2020年3月、大分県日田市のJR日田駅に、カフェとゲストハウス、コワーキングスペースを組み合わせた「STAY+CAFE ENTO(エント)」が開業した。日田市が駅舎2階をJR九州から借り上げ、公募型プロポーザルで選んだ民間事業者ENTOに転貸。ENTOは駅前広場の活性化にも取り組む。コロナ禍でなかなか計画通りの営業ができない中、開業4カ月間で延べ3000人の集客を記録した。
空き家状態の駅舎2階と駅前広場の改修活用を目指す
JR日田駅は、九州北部を横断して福岡・久留米と大分を結ぶ、久大本線の中間駅に当たる。開業は1934年。
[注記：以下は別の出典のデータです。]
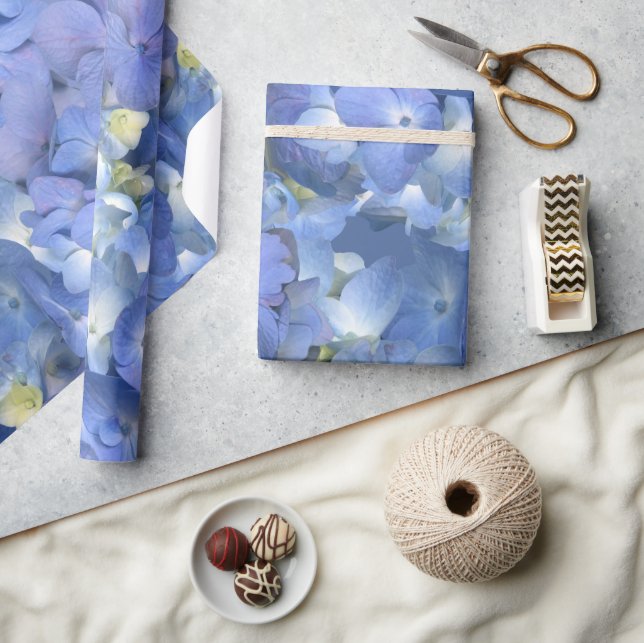 Papel De Regalo Hidrangeas azules en flor (Artesanía)
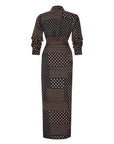 Exquise Long Sleeve Polka Dot Maxi Shirt Dress - Porterist 7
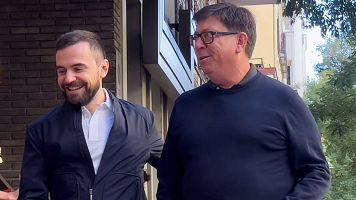 Francisco Salazar y Diego Rubio, jefe de Gabinete de Pedro S�nchez, a su llegada al Comit� Federal de su partido en julio de 2024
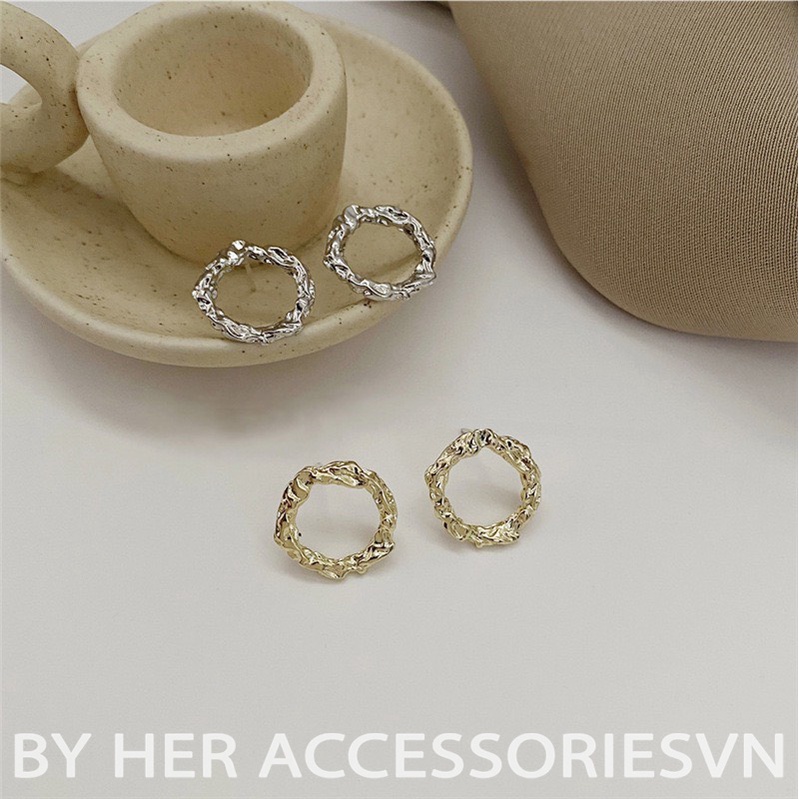 Bông tai basic tròn xinh xắn, Khuyên tai bạc 925 tròn đơn giản Her Accessories H84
現在の鉄筋コンクリート造2階建て駅舎は1972年に建て替えたものだ。2015年にはJR九州の周遊型寝台列車「ななつ星 in 九州」などを手掛けた水戸岡鋭治氏のデザインでリニューアルしている。ただ、駅舎の2階では、当初日田の土産物販売などを行っていたが、使われなくなって30年ほど経過していた。日田市企画振興部地方創生推進課創生推進係主幹の佐藤健二氏は「駅舎は日田市の要望で2階建てにしてもらったと聞いている」という。空いたままのスペースの活用は、市にとって長年の課題だった。
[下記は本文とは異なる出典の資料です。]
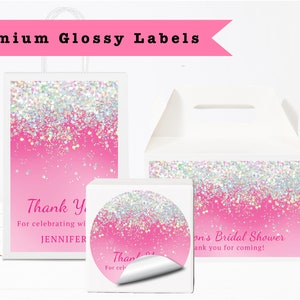 Pink Holographic Silver White Glitter Sparkle Luxury - PRINTED GLOSSY LABELS For Party Favor Gift Bag Gable Box Round Square Sticker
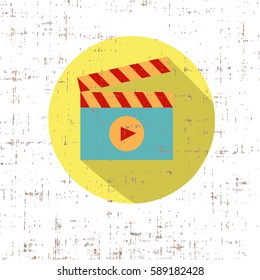 Play cinema icon retro style with screen texture vector art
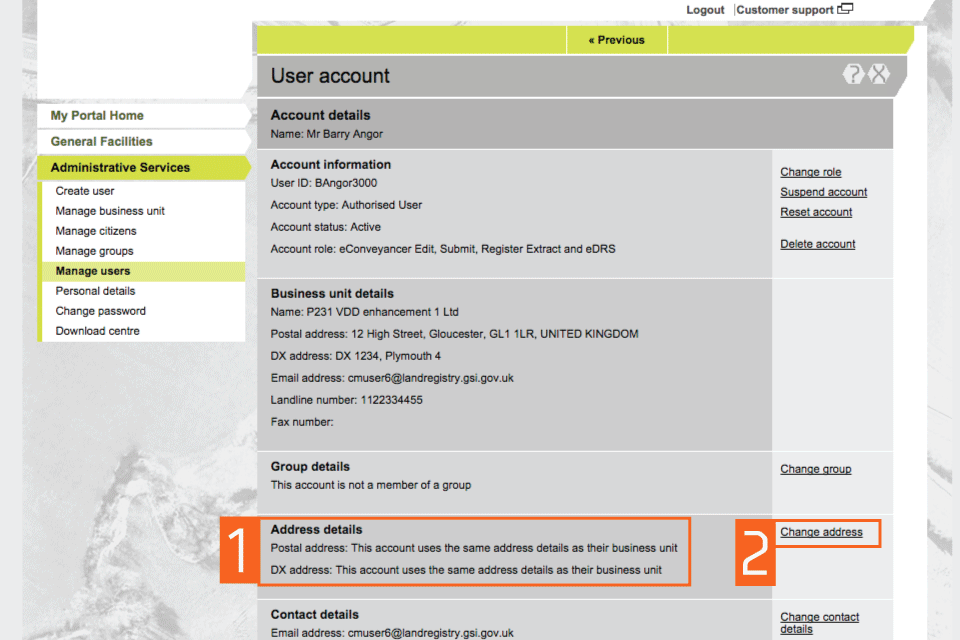Change address select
人口約6万4000人の日田市では、住民の主な足は自家用車で、駅周辺の人通りは必ずしも多くない。日田駅の1日当たりの乗車人員は、コロナ禍前の2019年度でも651人だ。一方で、日田駅は市の観光拠点である国の重要伝統的建造物群保存地区・豆田町と、三隈川沿いに旅館が立ち並ぶ日田温泉との中間に位置する。毎年7月に開催される日田祗園祭では、駅前広場のタクシー駐車場が山鉾の顔見世に使われるなど、貴重な屋外イベントの場としても機能していた。
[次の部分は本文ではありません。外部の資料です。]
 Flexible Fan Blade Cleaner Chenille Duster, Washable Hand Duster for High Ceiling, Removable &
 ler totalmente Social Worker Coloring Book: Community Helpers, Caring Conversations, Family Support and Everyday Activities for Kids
日田駅前広場は市が1984年に整備したもので、「噴水や時計塔などがあったが、老朽化が課題になっていた」と佐藤氏は振り返る。大きな噴水池が広場の中央を占めていたため、イベント開催には適さず、また、その周りに設置したベンチはあまり利用されていなかった。JR九州による駅舎リニューアルの翌年、市は駅前広場もリニューアルすべく地元関係者と検討を始め、2016年11月に改修の基本計画をまとめた。その中で、デザインコンセプトの一つに「まちのにぎわいづくり」を掲げている。駅舎から直接出られる位置に、イベントなどに使える自由広場を設けることとした。市は総事業費約5億1000万円をかけてリニューアル、2019年4月に完成を見た。